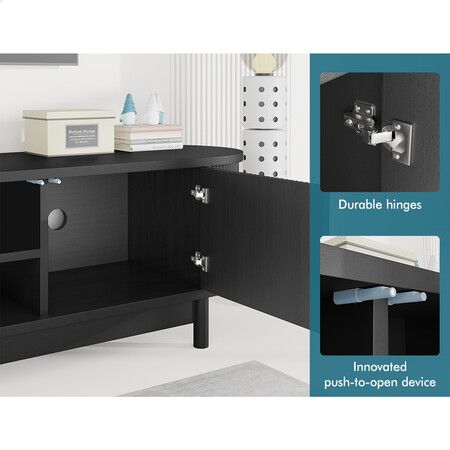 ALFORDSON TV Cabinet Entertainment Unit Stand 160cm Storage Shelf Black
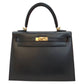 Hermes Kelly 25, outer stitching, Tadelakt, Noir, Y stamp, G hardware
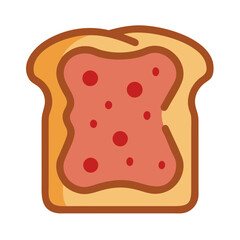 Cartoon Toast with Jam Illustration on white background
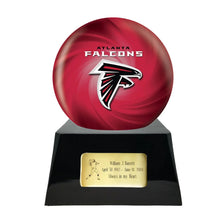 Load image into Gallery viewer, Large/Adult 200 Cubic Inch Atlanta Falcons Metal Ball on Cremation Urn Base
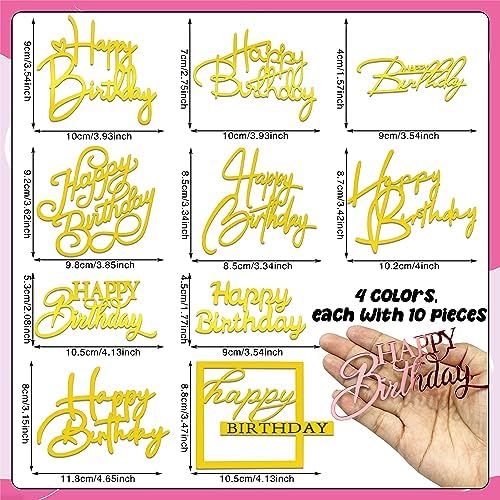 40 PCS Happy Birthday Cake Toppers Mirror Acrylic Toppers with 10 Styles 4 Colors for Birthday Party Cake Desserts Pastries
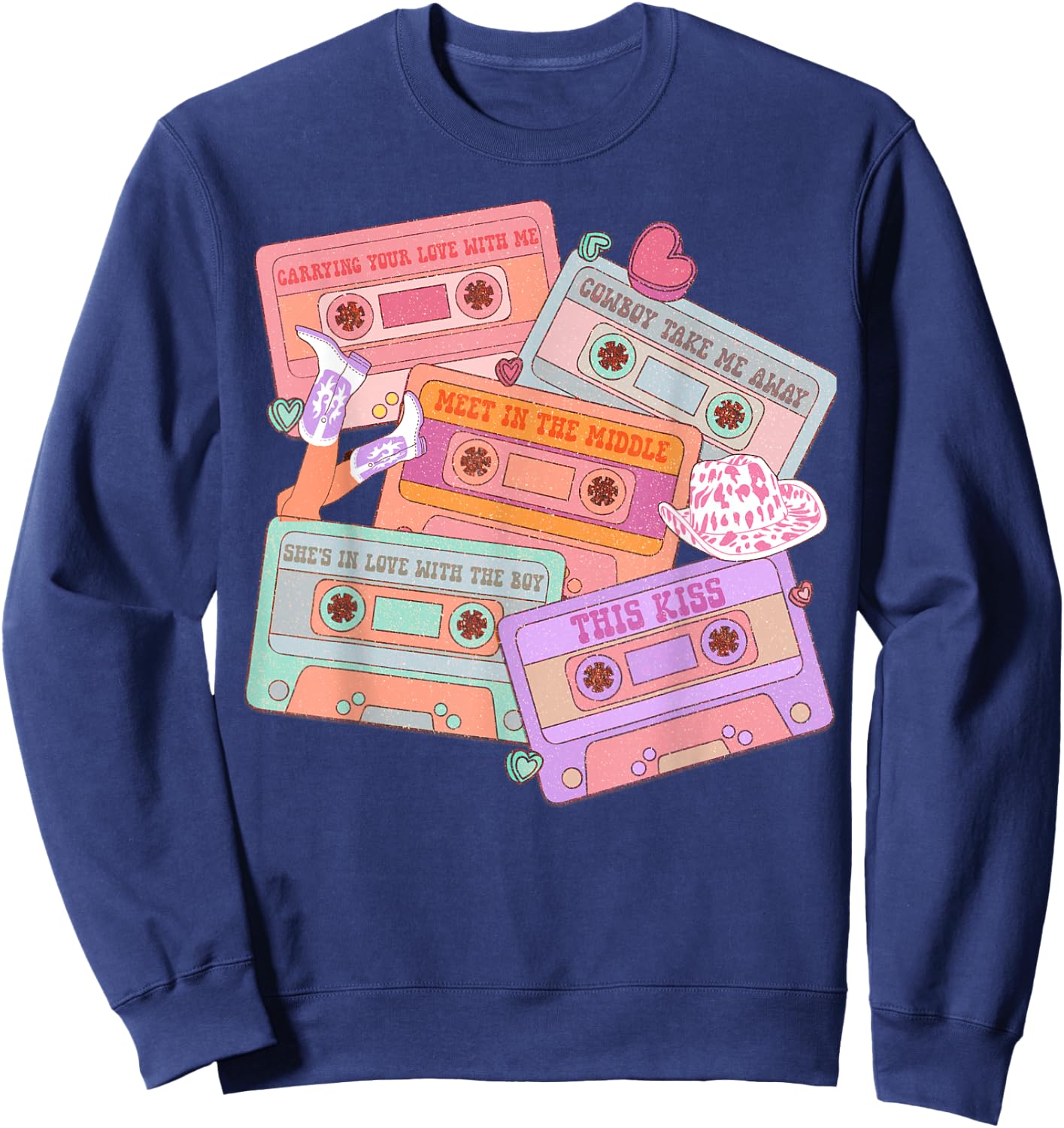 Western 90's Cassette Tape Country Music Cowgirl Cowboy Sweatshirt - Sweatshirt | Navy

Problem details ▸ The copy has to start at the line that contains "40 PCS Happy" and end at the last line of the material above, matching the original exactly and holding no pictures.

Finished exercise ▸
 40 PCS Happy Birthday Cake Toppers Mirror Acrylic Toppers with 10 Styles 4 Colors for Birthday Party Cake Desserts Pastries
 Western 90's Cassette Tape Country Music Cowgirl Cowboy Sweatshirt - Sweatshirt | Navy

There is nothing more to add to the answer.